W pierwszej kolejności, wskazać należy, że postępowanie apelacyjne ma merytoryczny charakter i jest dalszym ciągiem postępowania rozpoczętego przed sądem pierwszej instancji. Zgodnie z treścią art. 378 § 1 k.p.c., sąd drugiej instancji rozpoznaje sprawę w granicach apelacji; w granicach zaskarżenia bierze jednak z urzędu pod uwagę nieważność postępowania. Rozważając zakres kognicji sądu odwoławczego Sąd Najwyższy stwierdził, iż sformułowanie „w granicach apelacji” wskazane w tym przepisie oznacza, iż sąd drugiej instancji między innymi rozpoznaje sprawę merytorycznie w granicach zaskarżenia, dokonuje własnych ustaleń faktycznych, prowadząc lub ponawiając dowody albo poprzestaje na materiale zebranym w pierwszej instancji, ustala podstawę prawną orzeczenia niezależnie od zarzutów podniesionych w apelacji oraz kontroluje poprawność postępowania przed sądem pierwszej instancji, pozostając związany zarzutami przedstawionymi w apelacji, jeżeli są dopuszczalne, ale biorąc z urzędu pod uwagę nieważność postępowania, orzeka co do istoty sprawy stosownie do wyników postępowania (por. uzasadnienie uchwały składu siedmiu sędziów Sądu Najwyższego z dnia 31 stycznia 2008 r., sygn. akt III CZP 49/07, OSN 2008/6/55).
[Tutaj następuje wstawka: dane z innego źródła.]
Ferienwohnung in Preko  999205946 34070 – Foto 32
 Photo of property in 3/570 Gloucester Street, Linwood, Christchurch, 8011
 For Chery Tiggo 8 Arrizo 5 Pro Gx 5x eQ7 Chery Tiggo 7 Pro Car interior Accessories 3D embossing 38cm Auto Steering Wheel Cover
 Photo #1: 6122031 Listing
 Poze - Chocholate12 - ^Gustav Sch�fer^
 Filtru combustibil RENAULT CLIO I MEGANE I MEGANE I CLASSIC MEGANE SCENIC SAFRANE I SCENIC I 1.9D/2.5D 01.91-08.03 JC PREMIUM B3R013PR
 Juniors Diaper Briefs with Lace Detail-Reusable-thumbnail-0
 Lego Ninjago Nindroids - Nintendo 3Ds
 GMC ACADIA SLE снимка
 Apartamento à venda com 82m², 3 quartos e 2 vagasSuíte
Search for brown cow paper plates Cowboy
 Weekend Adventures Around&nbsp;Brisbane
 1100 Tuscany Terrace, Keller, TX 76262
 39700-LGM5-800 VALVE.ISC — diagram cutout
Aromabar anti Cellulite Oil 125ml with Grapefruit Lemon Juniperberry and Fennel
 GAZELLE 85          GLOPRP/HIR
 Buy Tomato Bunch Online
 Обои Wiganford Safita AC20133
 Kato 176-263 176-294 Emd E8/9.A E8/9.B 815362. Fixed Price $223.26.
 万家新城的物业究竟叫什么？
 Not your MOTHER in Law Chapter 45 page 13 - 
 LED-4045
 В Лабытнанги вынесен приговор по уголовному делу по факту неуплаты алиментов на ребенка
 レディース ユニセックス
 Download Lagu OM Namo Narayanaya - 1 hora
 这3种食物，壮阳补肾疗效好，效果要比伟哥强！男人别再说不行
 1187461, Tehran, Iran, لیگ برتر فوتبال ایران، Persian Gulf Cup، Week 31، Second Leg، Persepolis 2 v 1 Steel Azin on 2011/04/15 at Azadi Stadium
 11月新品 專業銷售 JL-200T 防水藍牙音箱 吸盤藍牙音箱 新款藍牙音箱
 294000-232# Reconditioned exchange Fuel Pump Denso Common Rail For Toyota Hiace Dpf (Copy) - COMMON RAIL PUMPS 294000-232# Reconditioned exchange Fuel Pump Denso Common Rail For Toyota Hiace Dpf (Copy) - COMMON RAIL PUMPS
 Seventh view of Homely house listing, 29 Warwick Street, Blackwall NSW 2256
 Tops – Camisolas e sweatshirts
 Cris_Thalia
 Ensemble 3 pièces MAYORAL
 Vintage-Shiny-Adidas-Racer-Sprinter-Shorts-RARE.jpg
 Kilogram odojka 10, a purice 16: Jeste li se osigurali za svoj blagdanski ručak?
Dodatkowo należy wskazać, iż dokonane przez sąd pierwszej instancji ustalenia faktyczne, sąd drugiej instancji może podzielić i uznać za własne (por. wyrok Sądu Najwyższego z dnia 8 października 1998 r., sygn. akt II CKN 923/97, OSNC 1999/3/60). Może również zmienić ustalenia faktyczne stanowiące podstawę wydania wyroku sądu I instancji, i to zarówno po przeprowadzeniu postępowania dowodowego, jak i bez przeprowadzenia postępowania dowodowego uzasadniającego odmienne ustalenia, chyba że szczególne okoliczności wymagają ponowienia lub uzupełnienia tego postępowania (por. uchwała składu 7 sędziów Izby Cywilnej z 23 marca 1999 r., sygn. akt III CZP 59/98, OSNC 1999, nr 7–8, poz. 124).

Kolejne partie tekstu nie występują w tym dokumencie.